I got a bit of stick from my investment colleagues this past week for daring to suggest that we might be near the bottom of the market cycle given that markets had lifted for two days in a row.
Of course I wasn't suggesting that two days' market movement signifies a trend. The reason for my call (and I will claim guru status if November 2012 turns out to be a turning point) was that the explanation given for the market's two day-run was increasing confidence that the United States fiscal cliff will be dealt with.
You will recall that the fiscal cliff is a US$600 billion ($735.5b) combination of tax hikes and government spending cuts that are due to kick in at the start of 2013 unless the Republicans and Democrats agree a compromise.
Last time such a political compromise was required, the discussion centred on the debt ceiling, and the protracted negotiations wreaked havoc in markets. Politicians debated until the 11th hour in order to maximise television coverage and score political points.
They don't have the same luxury this time because unnecessary posturing will quickly lead the American economy into recession.
The world generally knows that a fiscal cliff plunge will be averted - no politician is that stupid - and yet the fear of political argy-bargy in the weeks leading to Christmas have had a distinct cooling effect on market and economic performance. Corporates have put off spending money or making decisions, just in case another recession lies ahead. Investors are reluctant to buy any stocks, just in case a recession prompts another market collapse.
We're in one of those awkward phases, a bit like the build up to Y2K, where we know everything is going to keep working after D-day, but we're not confident enough to boldly move forward.
It is understandable therefore that when both Republican and Democrat leaders talked about getting over the fiscal cliff unscathed, the market reacted positively. If the politicians acknowledge that we're scaring ourselves needlessly, who are we to argue?

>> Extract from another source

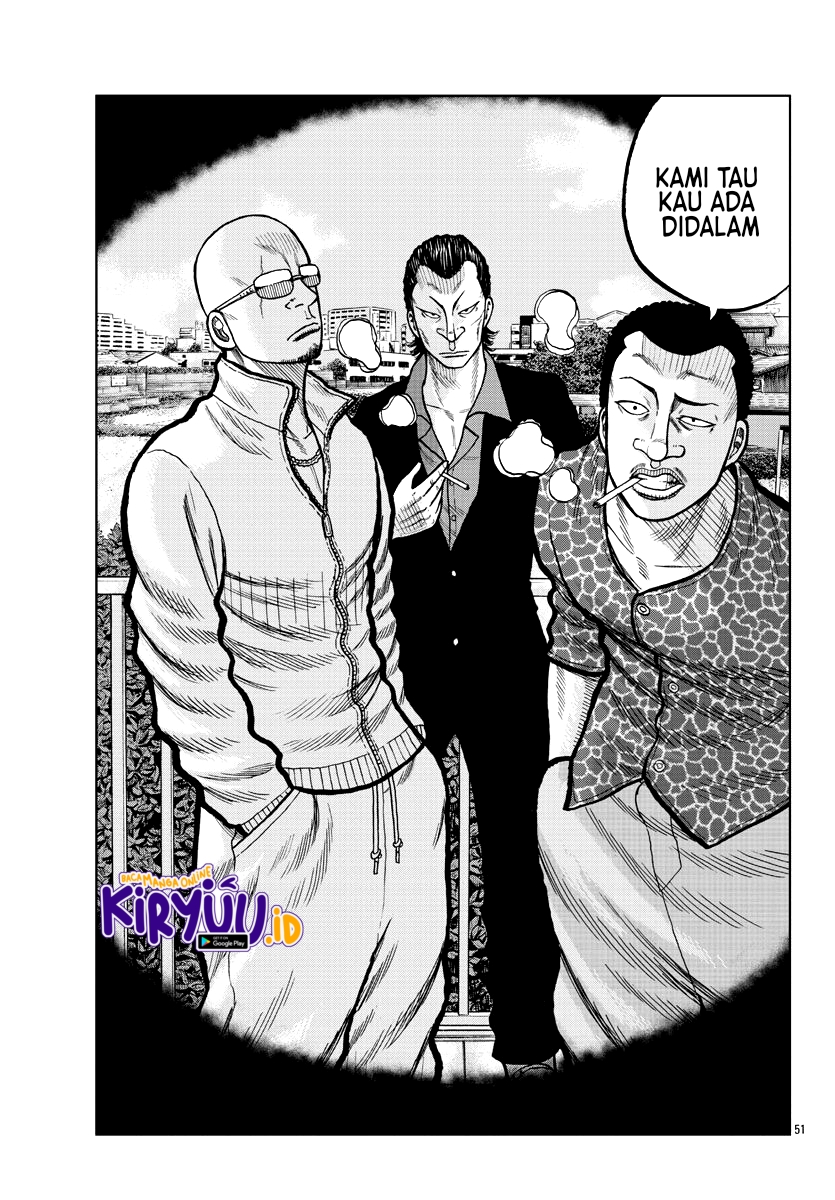 Worst Gaiden Mr. Zetton Chapter 4 - halaman 53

The market's positive response was also assisted by the release of some pleasing housing numbers, the latest in a series of improving economic data.

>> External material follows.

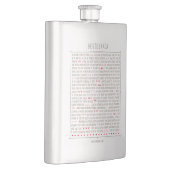 Desiderata door Max Ehrmann Flacon (Rechts)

That's the thing about these looming menaces - we focus so much on dealing with them or averting them that we overlook other things happening that are sometimes positive and part of the solution to the crisis.

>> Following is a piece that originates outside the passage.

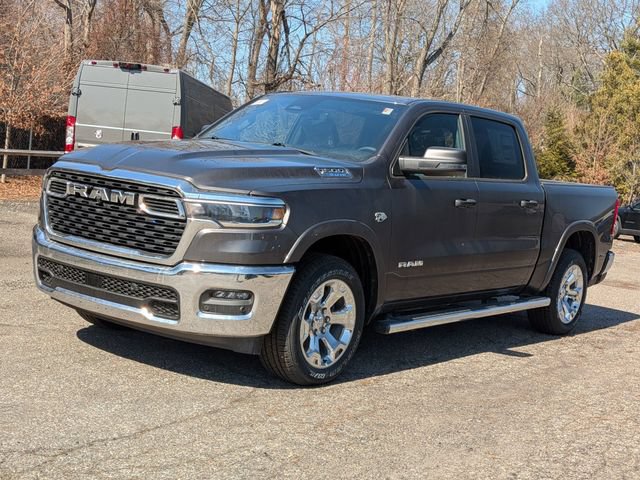 New 2026 RAM 1500 Big Horn AWD/4WD image 7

For the pessimists among us, even conciliatory political words won't allay concerns about the fiscal cliff and its consequences. And the reality is that a bipartisan agreement in December will simply push the problem a few years out.
But it's not hard to imagine that with a few years' reprieve that allows economic momentum to build and America's debt issues to be dealt with, the fiscal cliff may well turn out to be more knoll than scary precipice.
Carmel Fisher is managing director of Fisher Funds, an investment manager and KiwiSaver provider.